There is a tax publication (# 519) called "US Tax Guide for Aliens" available on the IRS website http://www.irs.gov/pub/irs-pdf/p519.pdf Because your situation is kind of unusual, you probably need to read through the guide to get a better idea what your options are, then come back with further questions.

For general tax information, whether you're a US citizen or a foreigner, the best source is publication 17 - also available for download on the IRS site Forms and Publications 
Cheers,
Bev


----------



## mfowler (May 29, 2009)

Thanks Bev, you got my situation right. Waiting for my partners work transfer before we can move over to the states. 

I have downloaded both and will go over them. I'll come back with any further queries.


----------



## mfowler (May 29, 2009)

*Advise from US Tax Account*

I struggled to make sense of all the tax information I downloaded so decided I would get an accountant to help me submit my return.

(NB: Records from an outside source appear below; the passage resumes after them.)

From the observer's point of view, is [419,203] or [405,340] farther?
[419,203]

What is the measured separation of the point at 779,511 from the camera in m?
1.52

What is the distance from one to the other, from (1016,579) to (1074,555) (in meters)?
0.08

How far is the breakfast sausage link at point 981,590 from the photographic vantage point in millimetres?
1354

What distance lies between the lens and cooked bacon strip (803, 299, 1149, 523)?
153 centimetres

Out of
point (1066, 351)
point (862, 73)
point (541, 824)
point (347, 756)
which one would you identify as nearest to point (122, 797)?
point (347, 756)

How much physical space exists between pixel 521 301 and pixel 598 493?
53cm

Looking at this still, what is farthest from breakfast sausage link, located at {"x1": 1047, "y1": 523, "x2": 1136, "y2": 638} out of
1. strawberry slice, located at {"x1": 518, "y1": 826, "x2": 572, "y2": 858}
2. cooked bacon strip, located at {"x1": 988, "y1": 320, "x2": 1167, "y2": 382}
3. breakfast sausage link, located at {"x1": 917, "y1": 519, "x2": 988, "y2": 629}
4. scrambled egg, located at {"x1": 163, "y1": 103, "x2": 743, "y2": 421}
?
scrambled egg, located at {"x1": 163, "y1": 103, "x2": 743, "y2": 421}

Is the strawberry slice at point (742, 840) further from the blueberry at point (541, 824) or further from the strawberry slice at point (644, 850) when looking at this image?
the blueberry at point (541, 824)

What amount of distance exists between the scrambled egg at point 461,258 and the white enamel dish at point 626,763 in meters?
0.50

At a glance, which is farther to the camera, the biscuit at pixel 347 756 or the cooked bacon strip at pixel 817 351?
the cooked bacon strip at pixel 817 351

I contacted 3 US accountants based in London who said it would cost between £500-800! The third one first asked a series of questions, which I answered and he advised I don't need to submit one due to earning under £5970 in Nov and Dec 09 (the 2 months I would be considered a resident for tax purposes). His comments are below:

"If you were not a resident of the U.S. in 2008 (even as a non-resident alien) you are treated as a resident of the U.S. only for the portion of the year which begins on the residency starting date. The residency starting date is the first day you were in the U.S. while a lawful permanent resident. You must file a U.S. tax return if your income in 2009 exceeds $9,350 or £5970 (sterling) during the period you are considered a resident of the U.S."

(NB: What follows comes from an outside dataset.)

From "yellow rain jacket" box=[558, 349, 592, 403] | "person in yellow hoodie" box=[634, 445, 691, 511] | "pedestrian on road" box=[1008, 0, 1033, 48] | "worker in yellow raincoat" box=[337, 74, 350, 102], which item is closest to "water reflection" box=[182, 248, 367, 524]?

Now I'm wondering if there's any forms I need to submit to say I didn't earn enough? I assume from his comments that I don't need to submit one but will from this year onwards.

Cheers,
Megs


----------



## Bevdeforges (Nov 16, 2007)

No, if your income doesn't exceed the threshold amounts, there is nothing to file.
Cheers,
Bev


----------



## mfowler (May 29, 2009)

Bevdeforges said:


> No, if your income doesn't exceed the threshold amounts, there is nothing to file.
> Cheers,
> Bev


That's good news and one less thing to worry about. Thanks Bev.


----------



## Fatbrit (May 8, 2008)

Bevdeforges said:


> No, if your income doesn't exceed the threshold amounts, there is nothing to file.
> Cheers,
> Bev


Good advice from an accounting point of view.....but I'm not so sure from an immigration one. I'd say it was better to file a zero return than not file at all.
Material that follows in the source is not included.